When I was first sentenced, I was a broken woman, someone in desperate need of help but too afraid and proud to ask. I was in so deep that I felt that there was no way out. Living with the knowledge and guilt of my actions worsened my mental health. On the day I was sentenced to prison, I thought my life was over, that there was no coming back from this. Today, although I still carry a lot of pride and still find it challenging to ask for help, I have learned there is no shame in asking for help when needed, and my time in prison allowed me to find myself again, to find the honest and trustworthy person I used to be. It also afforded me time to reflect on my life choices and removed me from the multiple life stressors I had been experiencing.

Today I realise that time in prison does not mean that your life is over; yes, it is a traumatic life event and has long-term ramifications on your life. However, that period in my life should not, and does not, define who I am as a person. I only spent 4 months in prison, and the remaining 8 months of my sentence were served on parole in the community; I think this made my reintegration experience less difficult than it can be for those serving longer periods. My success post-release is firmly rooted in the strong support I received from family and friends, who loved me anyway despite being disappointed in me.

Another contributing factor to my success post-release was finding purpose in my life. After being unable to find employment due to a criminal record, I recalled the words of an educator from the prison who said, “If you don’t go to university when you get out, I am going to be very disappointed”. While still on parole, I enrolled in university with those words ringing in my ears. That was the beginning of what has been an amazing post-release journey.

I completed a Bachelor of Criminology and Criminal Justice (with Distinction) in 2017. In 2018 I completed an Honours Degree receiving First Class Honours for my thesis. Today, I am nearing completion of my PhD on Women’s Experiences of Health Care Before, During, and After Incarceration in Victoria: Do They Reflect Human Rights and Throughcare Principles Frameworks. I was also given an opportunity by the University to become a sessional tutor and course co-ordinator in the Bachelor of Criminology and Criminal Justice. This experience has opened my eyes to the value of lived experience of the criminal justice system and the first-hand knowledge that can be imparted to others.

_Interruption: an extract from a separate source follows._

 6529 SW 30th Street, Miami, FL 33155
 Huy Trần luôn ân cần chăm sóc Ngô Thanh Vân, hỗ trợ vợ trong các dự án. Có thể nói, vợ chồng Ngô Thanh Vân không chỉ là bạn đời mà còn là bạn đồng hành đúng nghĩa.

I have also been afforded an opportunity to be part of a Lived Experience Advisory Panel for an organisation that provides support to individuals in contact with the criminal justice system, to contribute to a textbook on prison education (publication pending) and to present at conferences. Unlike many others exiting prison, I have been given a second chance at life, and through my research, I hope to bring meaningful change for women experiencing incarceration in Victoria, Australia.